■ Raw data
=== Begin Enclosure ===
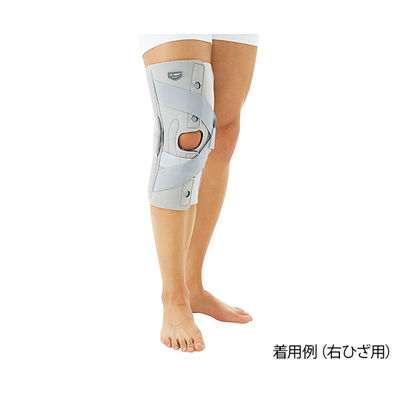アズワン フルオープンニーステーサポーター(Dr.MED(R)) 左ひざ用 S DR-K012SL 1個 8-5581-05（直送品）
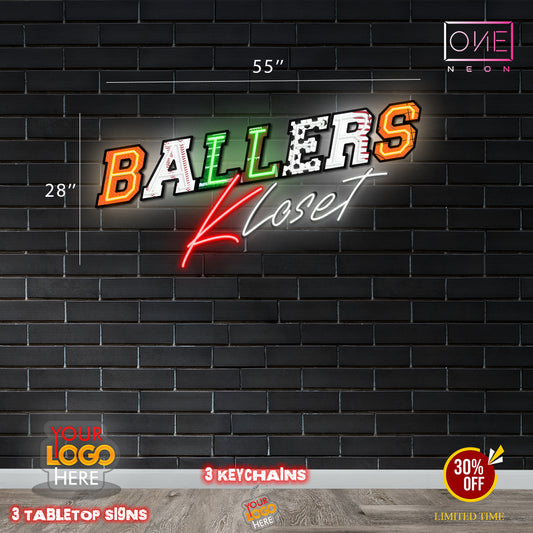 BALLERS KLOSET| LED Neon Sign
=== End Enclosure ===
=== Begin Enclosure ===
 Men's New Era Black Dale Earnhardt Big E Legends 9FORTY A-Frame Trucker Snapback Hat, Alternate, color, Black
=== End Enclosure ===
■ What needs to be done
Reproduce the lines above starting at the one with "アズワン フルオープンニーステーサポーター(Dr.MED(R)) 左ひざ用" and ending at the one with "BALLERS KLOSET| LED Neon Sign", both included, exactly and with no pictures.

■ Solution for this task
アズワン フルオープンニーステーサポーター(Dr.MED(R)) 左ひざ用 S DR-K012SL 1個 8-5581-05（直送品）
 BALLERS KLOSET| LED Neon Sign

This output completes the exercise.